En el Ecuador hay millones de jóvenes como ellos. En diferentes circunstancias y condiciones, algunas muy precarias y difíciles, también sueñan con un futuro de realizaciones; tienen fe en conseguirlas, son valientes emprendedores con buenas ideas, que prodigan imaginación, y afrontan el futuro con idéntico entusiasmo.
En cambio, los millones de abuelos, que amamos a nuestros nietos, y que atravesamos con angustia la hora actual del Ecuador, miramos con incertidumbre el futuro. No podemos ser optimistas.
Posiblemente los años, las experiencias, los desengaños, el mirar todos los días las adversidades que lastiman al país, todo ello ha tenido el lamentable efecto de asfixiar muchas de nuestras viejas ilusiones.
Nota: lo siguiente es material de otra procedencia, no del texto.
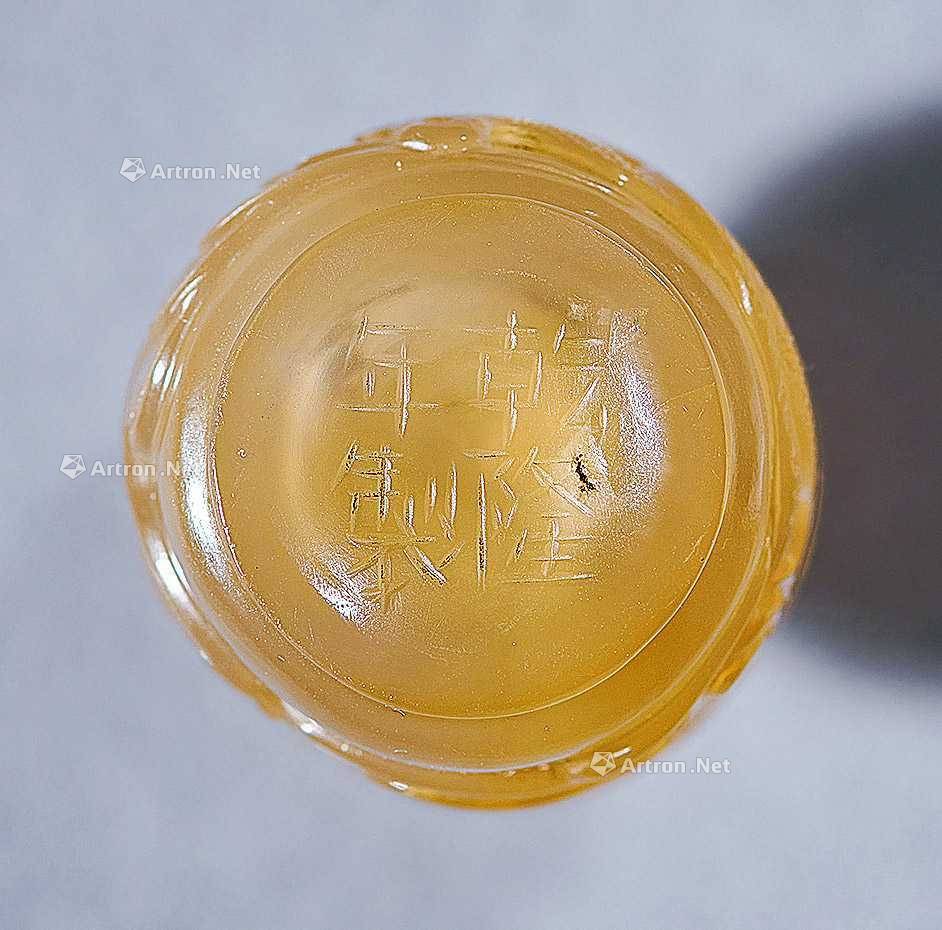 5cm清乾隆 御制玛瑙雕云龙纹鼻烟壶纽约佳士得亚洲艺术周成交价:usd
Sí. A los abuelos nos parece que las condiciones en que los nietos vivirán en el futuro son cada vez más complicadas. Las sociedades experimentan cambios asombrosos. Amanecemos todos los días con avances tecnológicos insospechados.
La implacable globalización, que a veces nos encanta, también nos abruma y nos asusta.
La violencia se expande peligrosamente y se apela a cualquier motivo para justificarla.
El riesgo ambiental crece en proporciones escalofriantes. Un mundo tan diferente al que nosotros conocimos hace cincuenta o sesenta años, en que no había, no digamos internet o teléfonos celulares, ni siquiera una modesta televisión.
Sin embargo, y a pesar de la inquietud que nos causa lo desconocido, creo firmemente que la juventud tiene el coraje suficiente para asumir tales desafíos y para sacar ventaja de las novedades.
Pero mi principal preocupación no va por ahí. Lo realmente doloroso es contemplar el Ecuador que les estamos dejando. Un país agobiado por problemas, que en ocasiones parecen insolubles.
Con una anomia institucional que se agrava por momentos. Con una clase política irresponsable que no atina a encontrar las respuestas. Con una crisis moral que estalla en la corrupción administrativa.
También debemos decir que el Ecuador no es solo esa larga y penosa lista de calamidades.
Que hay gente buena, muy buena; que es un país con lugares maravillosos; que cuenta con recursos inagotables; que solo falta hacer aquello que las viejas generaciones no hemos hecho.
Los jóvenes son el futuro de la patria, se suele decir solemnemente en los discursos oficiales. Y claro que es verdad.
Pero esta no es la hora de los discursos.